Exactly reproduce the lines from the line that has "Aren Suites lobby with reception and seating" down to the last line of the entries, inclusive.

### Records

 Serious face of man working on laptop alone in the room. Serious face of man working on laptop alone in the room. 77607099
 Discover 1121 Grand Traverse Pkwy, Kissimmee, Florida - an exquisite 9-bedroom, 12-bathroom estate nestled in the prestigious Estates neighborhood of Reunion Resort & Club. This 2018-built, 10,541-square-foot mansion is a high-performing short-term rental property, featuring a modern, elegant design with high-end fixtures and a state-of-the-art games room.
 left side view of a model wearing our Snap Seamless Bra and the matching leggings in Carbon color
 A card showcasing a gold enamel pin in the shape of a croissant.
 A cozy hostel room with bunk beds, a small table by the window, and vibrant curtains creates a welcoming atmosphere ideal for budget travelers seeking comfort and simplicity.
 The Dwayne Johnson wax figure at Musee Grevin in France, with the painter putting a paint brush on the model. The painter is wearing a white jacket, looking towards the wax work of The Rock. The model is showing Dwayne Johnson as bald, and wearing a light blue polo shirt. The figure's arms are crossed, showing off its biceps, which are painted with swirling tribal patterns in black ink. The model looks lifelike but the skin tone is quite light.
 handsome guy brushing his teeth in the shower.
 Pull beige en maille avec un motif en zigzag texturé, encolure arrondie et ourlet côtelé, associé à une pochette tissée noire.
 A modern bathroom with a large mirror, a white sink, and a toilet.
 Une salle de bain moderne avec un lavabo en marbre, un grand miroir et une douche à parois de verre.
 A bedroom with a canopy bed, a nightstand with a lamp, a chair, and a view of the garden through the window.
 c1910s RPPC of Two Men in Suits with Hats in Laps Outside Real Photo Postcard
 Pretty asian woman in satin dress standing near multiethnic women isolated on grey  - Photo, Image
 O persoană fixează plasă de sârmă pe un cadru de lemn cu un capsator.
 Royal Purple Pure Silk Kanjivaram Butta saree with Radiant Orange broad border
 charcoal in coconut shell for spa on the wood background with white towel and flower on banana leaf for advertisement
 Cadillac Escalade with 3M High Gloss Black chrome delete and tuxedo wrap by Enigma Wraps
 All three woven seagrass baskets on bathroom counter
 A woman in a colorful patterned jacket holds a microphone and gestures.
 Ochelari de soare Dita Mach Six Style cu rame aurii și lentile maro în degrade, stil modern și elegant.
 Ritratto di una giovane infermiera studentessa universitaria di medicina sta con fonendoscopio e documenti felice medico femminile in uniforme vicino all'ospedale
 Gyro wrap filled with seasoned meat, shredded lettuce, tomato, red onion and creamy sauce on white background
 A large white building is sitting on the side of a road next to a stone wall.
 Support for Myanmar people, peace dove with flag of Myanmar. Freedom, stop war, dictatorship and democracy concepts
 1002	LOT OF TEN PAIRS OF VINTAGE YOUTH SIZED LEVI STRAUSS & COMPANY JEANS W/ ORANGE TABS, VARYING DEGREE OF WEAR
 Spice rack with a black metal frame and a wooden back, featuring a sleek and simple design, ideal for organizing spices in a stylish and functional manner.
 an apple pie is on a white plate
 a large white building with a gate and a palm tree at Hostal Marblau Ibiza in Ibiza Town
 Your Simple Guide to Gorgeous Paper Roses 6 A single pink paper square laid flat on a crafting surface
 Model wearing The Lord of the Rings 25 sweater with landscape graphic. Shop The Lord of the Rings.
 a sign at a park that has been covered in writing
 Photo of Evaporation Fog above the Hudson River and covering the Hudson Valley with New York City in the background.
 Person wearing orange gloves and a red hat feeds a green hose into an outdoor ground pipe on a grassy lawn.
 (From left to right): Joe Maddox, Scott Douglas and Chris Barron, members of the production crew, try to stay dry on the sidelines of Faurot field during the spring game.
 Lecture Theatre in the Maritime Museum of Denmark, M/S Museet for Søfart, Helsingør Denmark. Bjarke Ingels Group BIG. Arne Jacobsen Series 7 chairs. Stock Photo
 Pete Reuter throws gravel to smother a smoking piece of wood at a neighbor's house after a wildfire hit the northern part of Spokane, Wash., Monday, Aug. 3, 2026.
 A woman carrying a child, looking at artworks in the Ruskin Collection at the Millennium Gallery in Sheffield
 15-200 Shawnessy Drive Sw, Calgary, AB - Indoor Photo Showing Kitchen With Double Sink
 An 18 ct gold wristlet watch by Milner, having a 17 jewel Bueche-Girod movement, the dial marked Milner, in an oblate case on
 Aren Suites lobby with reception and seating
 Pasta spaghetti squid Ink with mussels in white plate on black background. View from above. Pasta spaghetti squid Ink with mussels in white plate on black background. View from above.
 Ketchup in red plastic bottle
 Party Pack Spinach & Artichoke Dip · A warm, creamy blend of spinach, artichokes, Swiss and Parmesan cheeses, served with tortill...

######

**Solution to the exercise:**
 Aren Suites lobby with reception and seating
 Pasta spaghetti squid Ink with mussels in white plate on black background. View from above. Pasta spaghetti squid Ink with mussels in white plate on black background. View from above.
 Ketchup in red plastic bottle
 Party Pack Spinach & Artichoke Dip · A warm, creamy blend of spinach, artichokes, Swiss and Parmesan cheeses, served with tortill...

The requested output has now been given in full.